Mübin Orhon’nın Çeşitli Dönemlerinden Seçme Yapıtlar ve
Ara Güler’in Objektifinden Mübin Orhon
Ara Güler, Mübin Orhon’un 1948-1981 yılları arasında Paris’te çektiği otuz siyah-beyaz fotoğrafı da sergide yer alıyor.
Sergi 20 Şubat-7 Nisan 2001 tarihleri arasında izlenebilir.
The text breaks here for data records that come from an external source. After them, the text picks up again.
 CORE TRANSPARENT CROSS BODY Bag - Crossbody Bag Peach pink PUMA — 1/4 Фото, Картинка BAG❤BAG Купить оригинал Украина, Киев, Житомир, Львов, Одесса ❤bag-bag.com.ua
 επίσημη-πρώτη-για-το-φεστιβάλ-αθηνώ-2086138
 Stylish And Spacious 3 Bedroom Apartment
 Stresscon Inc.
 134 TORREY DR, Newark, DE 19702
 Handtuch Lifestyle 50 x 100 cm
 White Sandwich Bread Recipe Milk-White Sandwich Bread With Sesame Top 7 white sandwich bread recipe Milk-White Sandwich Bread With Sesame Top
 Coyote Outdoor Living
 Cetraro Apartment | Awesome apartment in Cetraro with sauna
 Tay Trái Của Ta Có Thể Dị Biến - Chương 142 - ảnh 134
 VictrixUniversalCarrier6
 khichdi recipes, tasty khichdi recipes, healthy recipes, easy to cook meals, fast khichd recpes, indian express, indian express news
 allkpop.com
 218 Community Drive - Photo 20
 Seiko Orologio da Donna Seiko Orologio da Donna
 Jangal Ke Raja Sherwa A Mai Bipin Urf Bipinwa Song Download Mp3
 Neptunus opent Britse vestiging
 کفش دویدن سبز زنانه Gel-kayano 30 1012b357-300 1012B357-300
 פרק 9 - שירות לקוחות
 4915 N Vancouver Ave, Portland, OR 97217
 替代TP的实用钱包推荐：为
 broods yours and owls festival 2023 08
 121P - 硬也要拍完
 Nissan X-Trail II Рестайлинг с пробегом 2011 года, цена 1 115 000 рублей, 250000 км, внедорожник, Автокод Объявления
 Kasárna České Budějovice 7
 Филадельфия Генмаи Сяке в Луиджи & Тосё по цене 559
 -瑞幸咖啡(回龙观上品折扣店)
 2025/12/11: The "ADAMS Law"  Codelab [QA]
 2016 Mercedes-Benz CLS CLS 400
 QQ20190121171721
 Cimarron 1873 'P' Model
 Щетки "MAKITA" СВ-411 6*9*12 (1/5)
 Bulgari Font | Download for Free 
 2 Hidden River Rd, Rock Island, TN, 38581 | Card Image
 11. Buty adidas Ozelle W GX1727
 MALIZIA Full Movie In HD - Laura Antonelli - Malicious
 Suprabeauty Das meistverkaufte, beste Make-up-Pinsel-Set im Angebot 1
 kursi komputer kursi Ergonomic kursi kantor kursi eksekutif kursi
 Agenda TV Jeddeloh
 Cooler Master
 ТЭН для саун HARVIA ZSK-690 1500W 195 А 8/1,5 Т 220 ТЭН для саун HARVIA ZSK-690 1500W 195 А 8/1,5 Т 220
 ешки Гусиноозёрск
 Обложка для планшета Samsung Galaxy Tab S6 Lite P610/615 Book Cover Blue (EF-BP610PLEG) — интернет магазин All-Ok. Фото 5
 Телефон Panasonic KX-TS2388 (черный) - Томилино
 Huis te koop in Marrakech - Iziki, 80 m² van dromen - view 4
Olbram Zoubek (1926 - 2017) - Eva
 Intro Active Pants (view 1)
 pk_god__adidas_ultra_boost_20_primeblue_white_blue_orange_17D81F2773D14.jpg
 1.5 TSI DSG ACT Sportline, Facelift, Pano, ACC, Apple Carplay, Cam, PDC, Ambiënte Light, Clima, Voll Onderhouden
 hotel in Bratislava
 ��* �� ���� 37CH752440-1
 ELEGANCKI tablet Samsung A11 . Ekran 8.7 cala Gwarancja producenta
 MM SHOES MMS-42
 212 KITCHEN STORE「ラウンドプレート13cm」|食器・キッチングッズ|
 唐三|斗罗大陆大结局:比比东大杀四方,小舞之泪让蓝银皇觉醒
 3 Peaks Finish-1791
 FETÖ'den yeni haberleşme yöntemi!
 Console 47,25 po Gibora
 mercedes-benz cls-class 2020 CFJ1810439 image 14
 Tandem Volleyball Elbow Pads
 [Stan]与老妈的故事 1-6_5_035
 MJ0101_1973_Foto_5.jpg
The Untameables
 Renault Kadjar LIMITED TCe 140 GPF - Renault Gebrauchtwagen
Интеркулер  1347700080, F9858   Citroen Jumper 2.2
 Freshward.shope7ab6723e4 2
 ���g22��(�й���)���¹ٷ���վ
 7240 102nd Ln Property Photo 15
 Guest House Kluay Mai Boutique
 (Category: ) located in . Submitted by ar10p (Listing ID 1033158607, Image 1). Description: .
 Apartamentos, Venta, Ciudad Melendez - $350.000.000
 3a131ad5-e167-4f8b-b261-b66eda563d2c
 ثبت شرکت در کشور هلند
Abidin Dino, Mübin Orhon’un ölümünden sonra yazdığı bir yazıda Türkiye’de hâlâ pek tanınmayan, ancak “Paris Okulu” ressamları arasında kendisini kabul ettirebilmiş, yapıtları yurtdışında koleksiyonlarda bulunan Mübin Orhon’u, “Her şeyden önce ortada yaptığı resimler var ve bu resimlere baktığımızda gördüğümüz şey, bir çilenin içtenliği, coşkunluğu, renk devinimi, güzelliği, tekliği. Türk resim tarihinde bu cins başka bir atalım yok” diyerek anıyordu.
Abidin Dino’ya göre “istenmiş ve seçilmiş bir yalnızlığı yaşayan” Mübin Orhon’un, çeşitli dönemlerinden seçilen yapıtları, kapsamlı bir sergi ile ilk kez İstanbul’da sergileniyor.
1924 yılında İstanbul’da doğan, Tanzimat Fermanı’nı ilan eden Sadrazam Reşit Paşa’nın ailesinden gelen Mübin Orhon, Siyasal Bilgiler Fakültesi’ni bitirdikten sonra doktora yapmak için Paris’e gitti. Türkiye’de iken Mübin Orhon, merkezinde Orhan Veli’nin bulunduğu çevre ile yakın ilişki içindeydi. Paris’te Sorbonne Üniversitesi’nde iktisat doktorasını başladı. Ama kısa bir süre sonra kendisini tamamen resme verdi ve ölene kadar sadece resimle ilgilendi.
Mübin Orhon, resim anlayışını şöyle açıklamıştı: “Bence resimde mühim olan resmin muhtevası ve bu muhtevanın ortaya çıkarılışında kullanılan vasıtalardır. Bu vasıtalar ve muhteva ressamın malı olduğu nisbette ressam muvaffak olmuştur… Yeni resim yapacağım diye boya sürmek hatalıdır. Mesele ressam-resim mücadelesinin hakiki bir yaratışa sürüklenmesindedir… resim ressama hastır, ferdidir. Kökü ise ressamın iç hayatı, cemiyeti, bilgisi, muhiti, kültürü, hayatı ve insanlıktır.”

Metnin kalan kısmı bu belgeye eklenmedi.